Ideally, Alaris’ Partnership Criteria includes:
An Old Economy Style of Business
These companies typically provide essential services or products and tend to be profitable in varying economic conditions.
A Track Record of Free Cash Flow
A stable track record of free cash flow allows us to evaluate the businesses ability to sustain our distribution based on historical results rather than basing our decisions on projections alone.
Low Risk of Obsolescence or a Declining Asset Base
We try to avoid companies that have a high risk of obsolescence or that have a declining asset base. These types of businesses tend to reinvest large amounts of capital to develop new products or to replace diminishing assets, and this creates low predictability of future cash flows, as well as makes it hard for them to maintain regular cash distributions. This typically includes natural resource exploration and technology based companies.
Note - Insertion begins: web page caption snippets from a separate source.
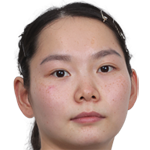 Player picture of He Zhuojia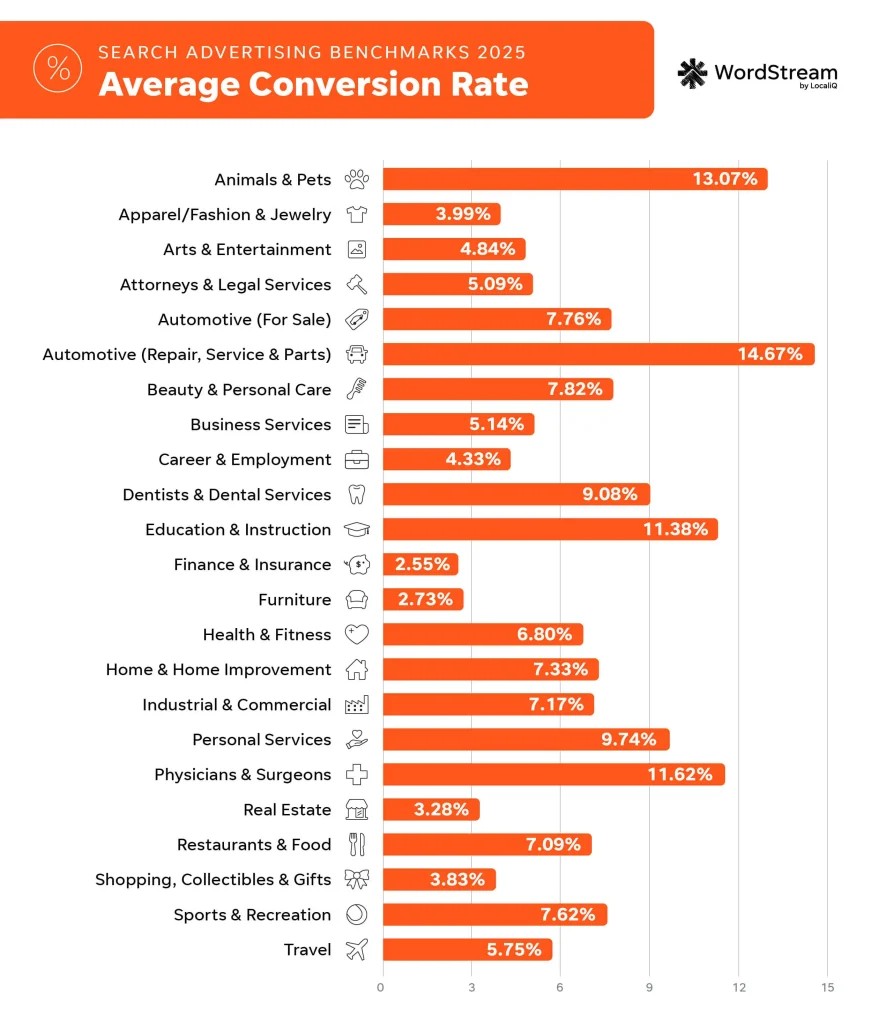 tasso conversione medio campagne search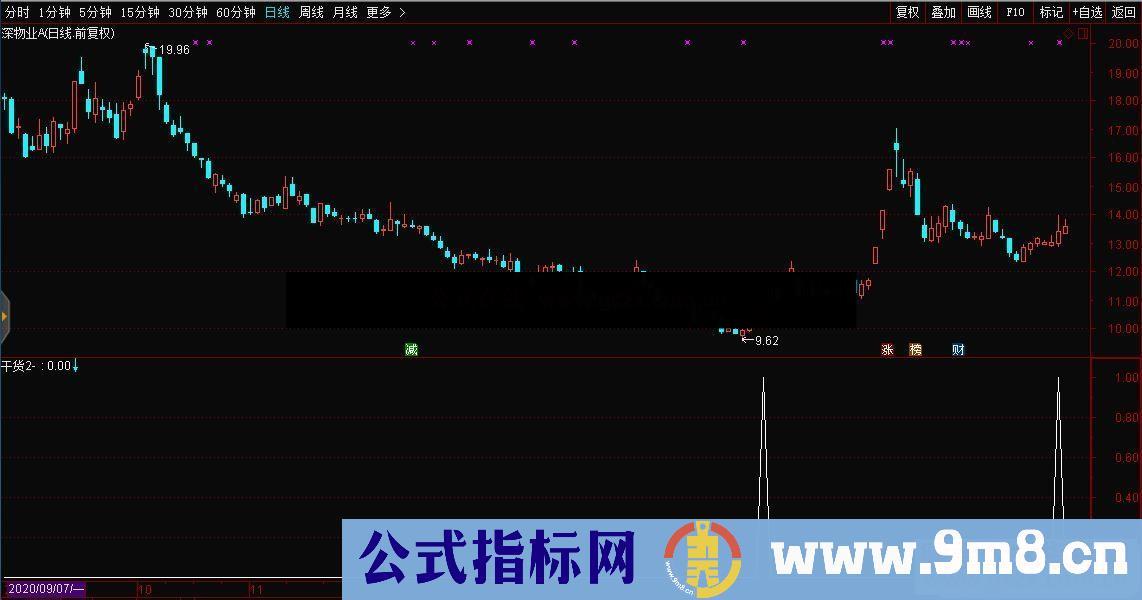 通达信干货2 副图+选股公式无未来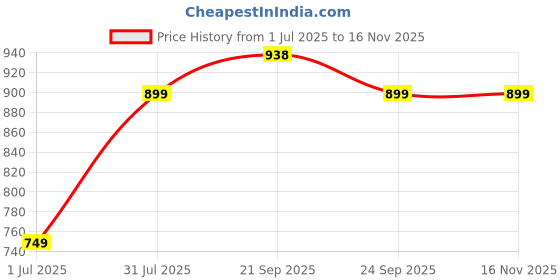 amazon.in naples Classic naples Price History Graph from 1 Jul 2025 to 15 Nov 2025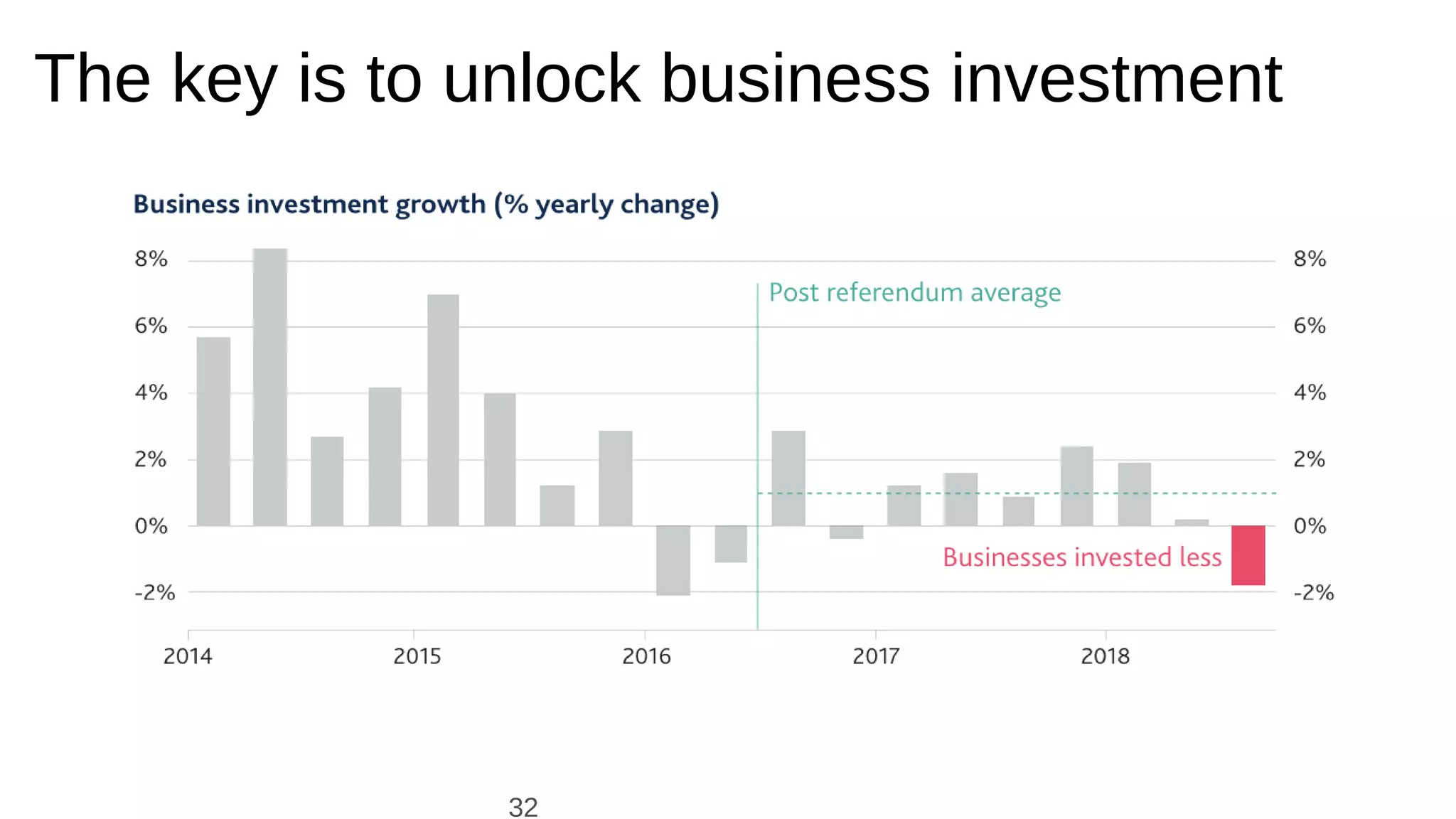 The key is to unlock business investment
32
 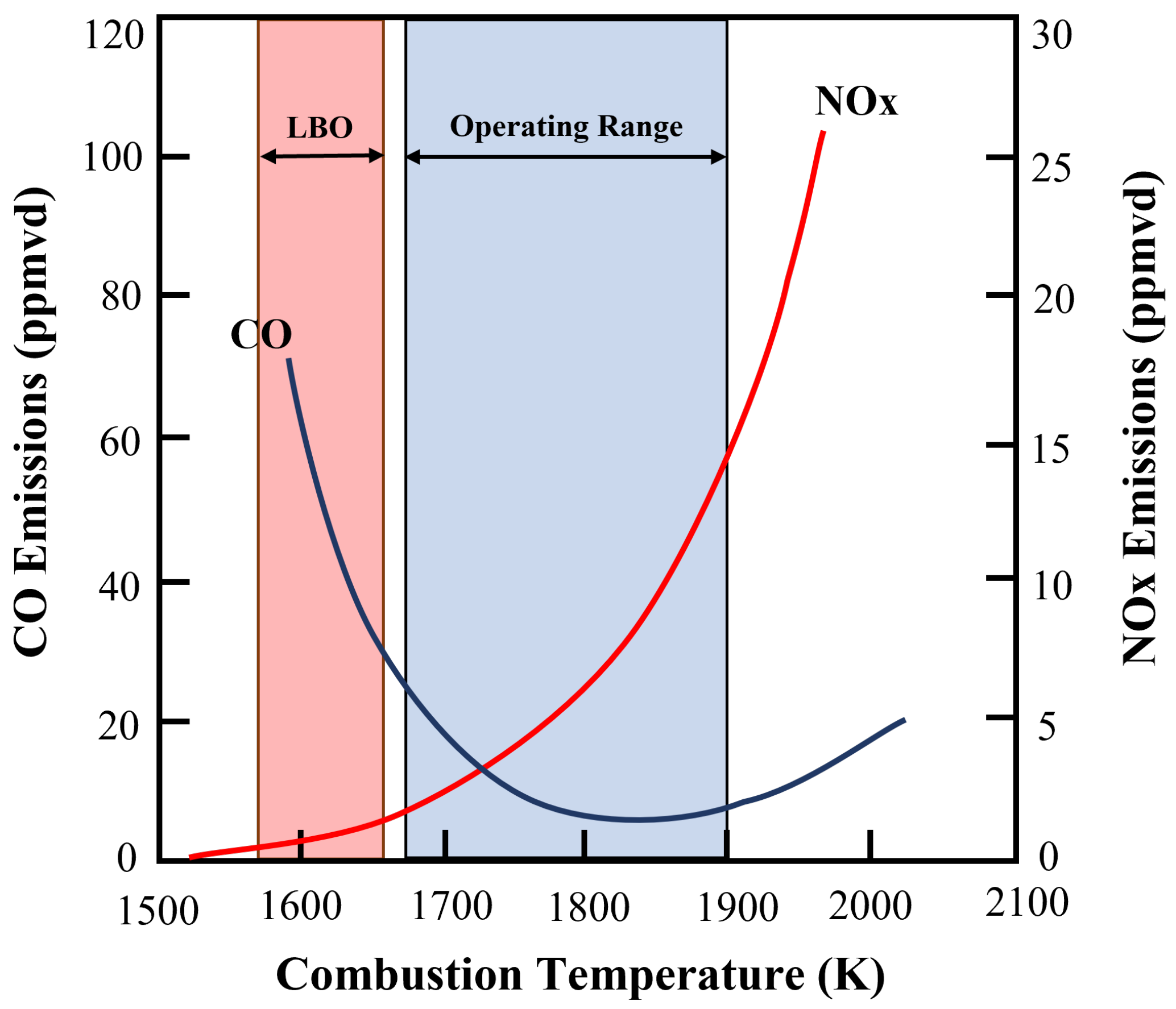 Applsci 12 10922 g019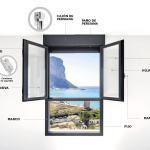 Explorando los componentes de una ventana practicable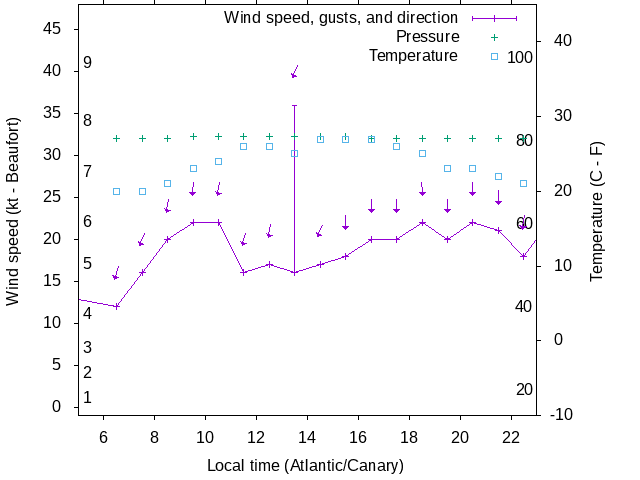 Weather graph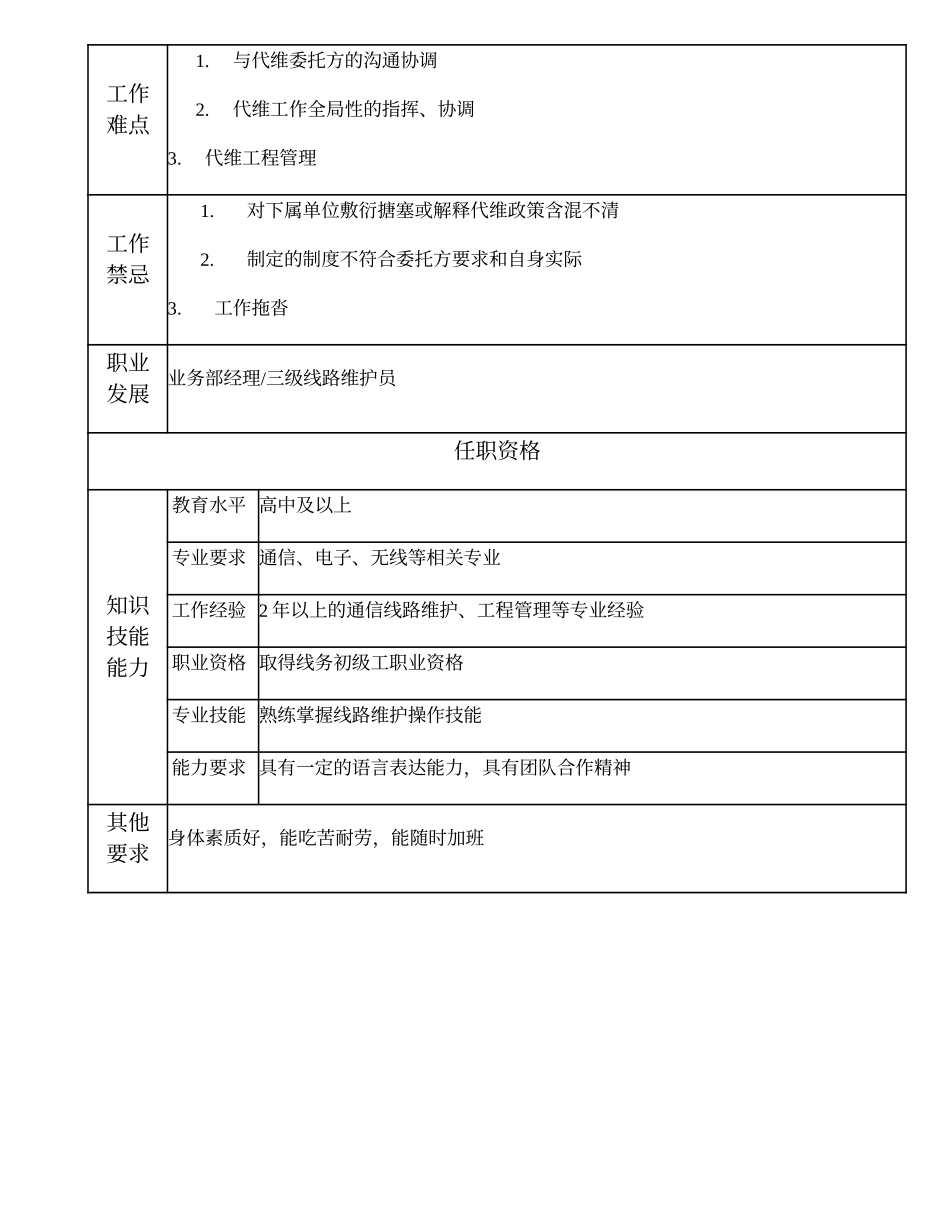 104021405 四级线路维护员.doc_第2页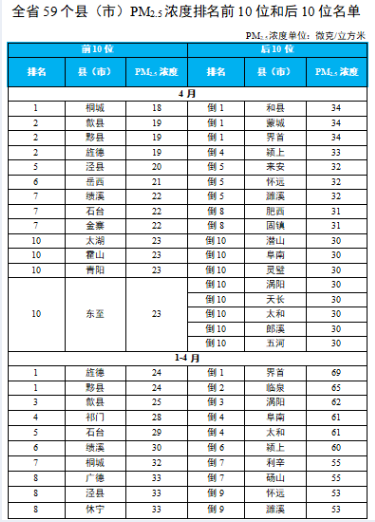 安徽省生态环境厅通报2023年4月和1—4月全省环境空气质量状况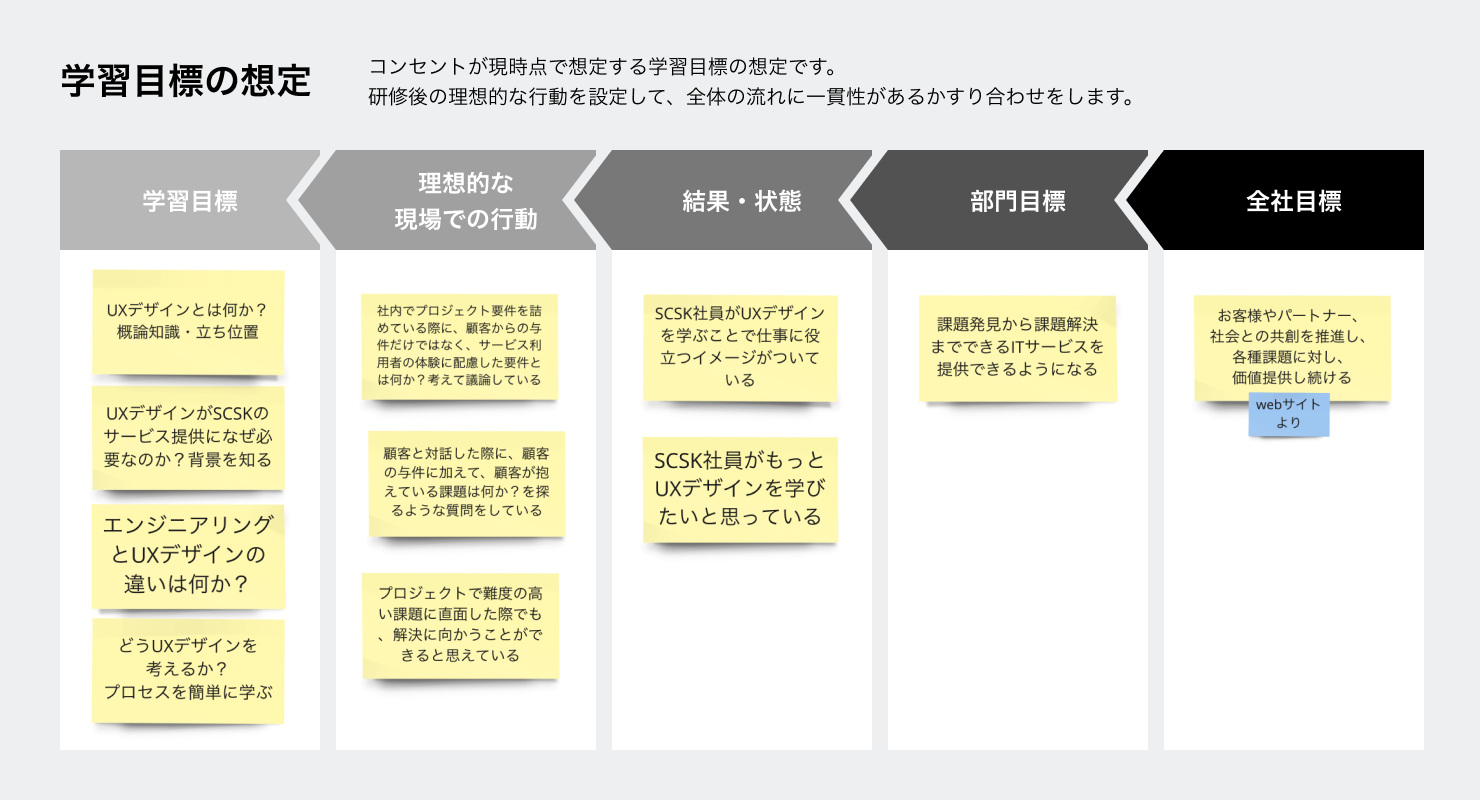 学習目標の想定を示す資料。「全社目標」から「部門目標」、「結果・状態」、「理想的な現場での行動」、「学習目標」へと続いている。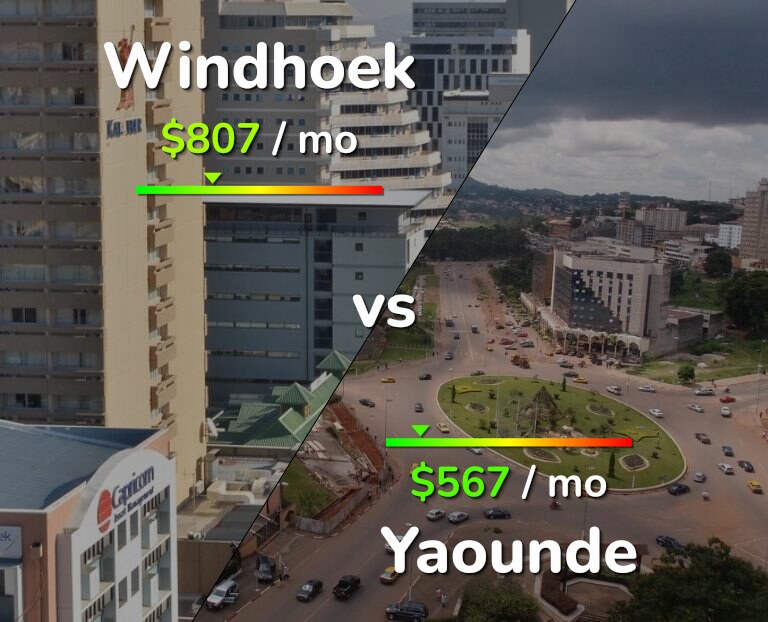 Cost of living in Windhoek vs Yaounde infographic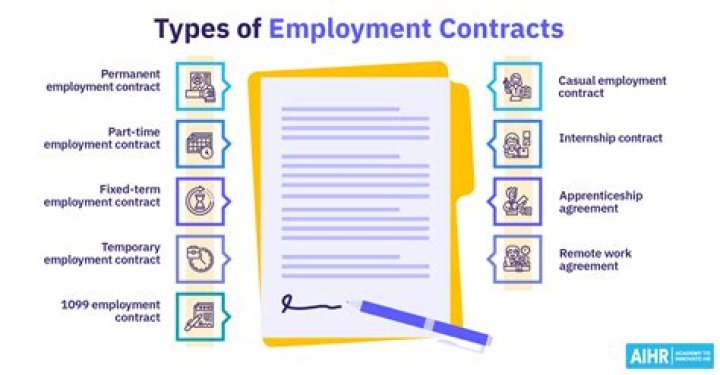 Are employment contracts negotiable?
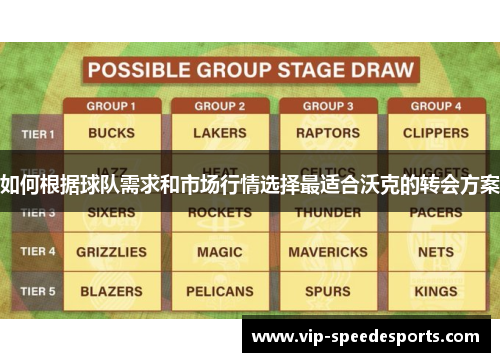 如何根据球队需求和市场行情选择最适合沃克的转会方案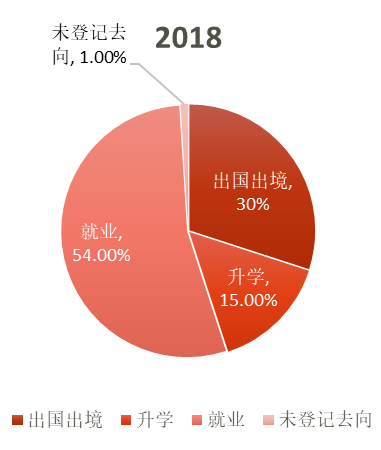 財政學專業2016-2018年畢業去向變化趨勢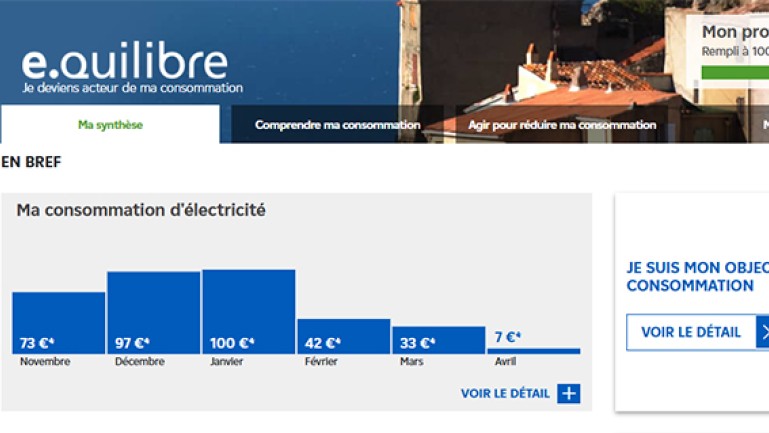 Capture d’écran de l’application e.quilibre affichant la section « Comment évolue ma consommation d’électricité ? »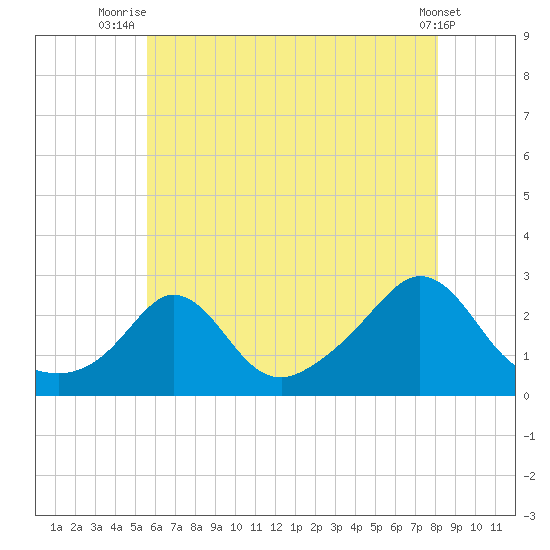 New Shoreham tide chart for Tuesday, July 26, 2022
We like to partner with management teams that have experience with the underlying assets and intend to continue to actively manage the business after partnering with Alaris.
Low Debt Levels and Capital Expenditure Requirements
Alaris ranks behind senior debt providers in the capital structure of our Partners. Therefore, we try to limit the amount of debt our Partners have ahead of us in their capital structure, as those lenders get paid in priority to our preferred equity distributions. We also like to partner with companies with low annual requirements for maintenance capital expenditures as these types of expenditures reduces the cash available to pay our distributions. Combining those two criteria with an adequate cash flow buffer helps to decrease our risk and volatility in our cash flow.